- [WHAT IS REQUIRED] Word for word, repeat every entry that appears below.

- [TASK INPUT]

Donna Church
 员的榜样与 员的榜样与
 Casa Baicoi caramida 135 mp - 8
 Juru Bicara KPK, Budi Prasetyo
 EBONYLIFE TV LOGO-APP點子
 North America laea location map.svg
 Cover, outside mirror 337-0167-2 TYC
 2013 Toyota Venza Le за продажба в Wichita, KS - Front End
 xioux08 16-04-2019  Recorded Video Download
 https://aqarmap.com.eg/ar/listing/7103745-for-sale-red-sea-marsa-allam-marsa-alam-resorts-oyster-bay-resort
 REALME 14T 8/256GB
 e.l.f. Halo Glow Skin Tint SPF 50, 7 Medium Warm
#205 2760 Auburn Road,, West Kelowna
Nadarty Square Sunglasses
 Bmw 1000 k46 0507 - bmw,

- [WRITTEN RESPONSE]
Donna Church
 员的榜样与 员的榜样与
 Casa Baicoi caramida 135 mp - 8
 Juru Bicara KPK, Budi Prasetyo
 EBONYLIFE TV LOGO-APP點子
 North America laea location map.svg
 Cover, outside mirror 337-0167-2 TYC
 2013 Toyota Venza Le за продажба в Wichita, KS - Front End
 xioux08 16-04-2019  Recorded Video Download
 https://aqarmap.com.eg/ar/listing/7103745-for-sale-red-sea-marsa-allam-marsa-alam-resorts-oyster-bay-resort
 REALME 14T 8/256GB
 e.l.f. Halo Glow Skin Tint SPF 50, 7 Medium Warm
#205 2760 Auburn Road,, West Kelowna
Nadarty Square Sunglasses
 Bmw 1000 k46 0507 - bmw,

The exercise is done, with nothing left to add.